Importing and Exporting Data

Working with data in R requires importing datasets from various sources and exporting processed data for reporting or sharing. R provides multiple functions and packages to handle different file formats efficiently.

1. Importing Data

a) Reading CSV Files

# Base R method
data <- read.csv("data.csv", header = TRUE, stringsAsFactors = FALSE)# Preview data
head(data)

Key Parameters:

  • header = TRUE: First row contains column names
  • stringsAsFactors = FALSE: Keeps text as character, not factor

b) Reading Excel Files

Requires readxl package:

library(readxl)# Read Excel file
data <- read_excel("data.xlsx", sheet = 1)# Preview data
head(data)

c) Reading Text Files

data <- read.table("data.txt", header = TRUE, sep = "\t")  # Tab-separated

d) Importing Data from Web

url <- "https://example.com/data.csv"
data <- read.csv(url, header = TRUE)

e) Using readr for Faster Imports

readr is part of tidyverse for efficient data reading:

library(readr)
data <- read_csv("data.csv")

2. Exporting Data

a) Writing CSV Files

write.csv(data, "output.csv", row.names = FALSE)
  • row.names = FALSE prevents R from adding row numbers

b) Writing Excel Files

Requires writexl package:

library(writexl)
write_xlsx(data, "output.xlsx")

c) Writing Text Files

write.table(data, "output.txt", sep = "\t", row.names = FALSE)
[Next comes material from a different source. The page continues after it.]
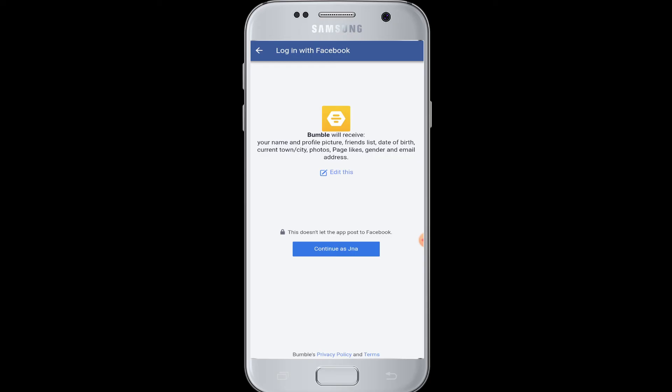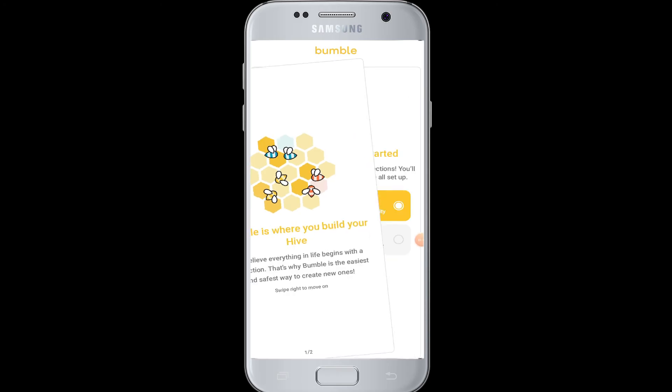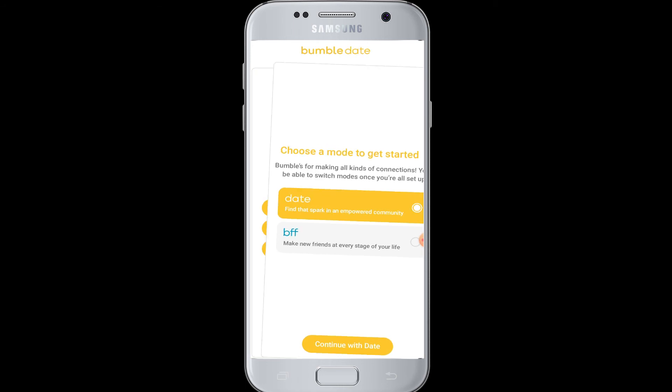If you are okay with that, tap on the "Continue as" button. You are now logged in to your Bumble account with the help of your Facebook account. You can now choose and continue to start making friends and find people to connect with here in Bumble.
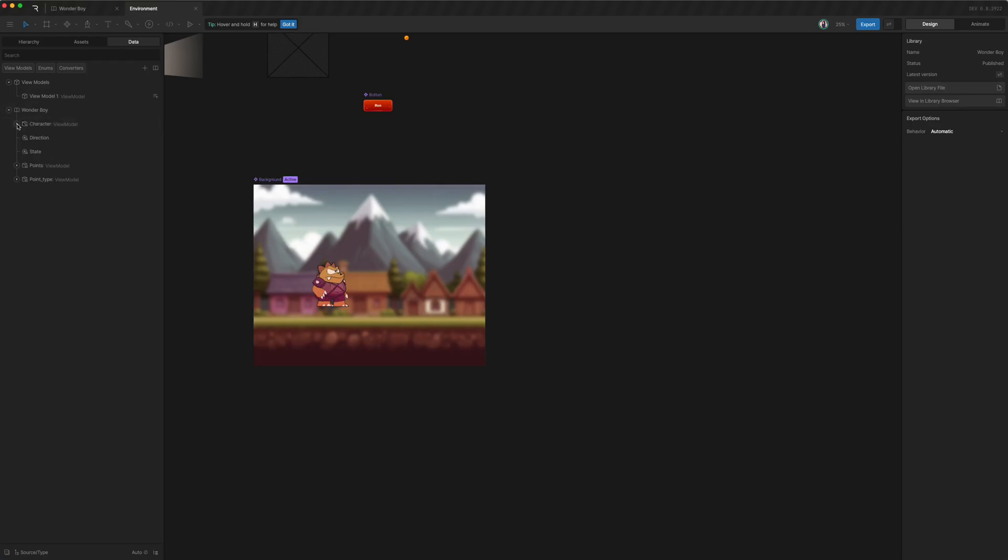And once we add that, you know, all the good stuff from Wonderboy, all the view models came back and we can go back to making that interactive.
d) Exporting for RDS Format

RDS files preserve R objects and structure:

saveRDS(data, "data.rds")       # Save
data2 <- readRDS("data.rds") # Load back

3. Tips for Efficient Data Import/Export

  • Always check column types after importing (str(data))
  • Handle missing values during import with na.strings parameter
  • Use relative paths or full file paths to avoid file-not-found errors
  • For large datasets, prefer data.table::fread() for fast reading

4. Advantages

  • Easily work with external datasets in R
  • Share processed data with others in common formats
  • Supports multiple file types: CSV, Excel, text, RDS, databases
  • Streamlines data cleaning, analysis, and reporting workflow

Conclusion

Importing and exporting data in R is a fundamental step in the data analysis workflow. By mastering functions like read.csv(), read_excel(), write.csv(), and write_xlsx(), you can efficiently manage datasets, move data between R and other tools, and ensure smooth data processing for analysis and reporting.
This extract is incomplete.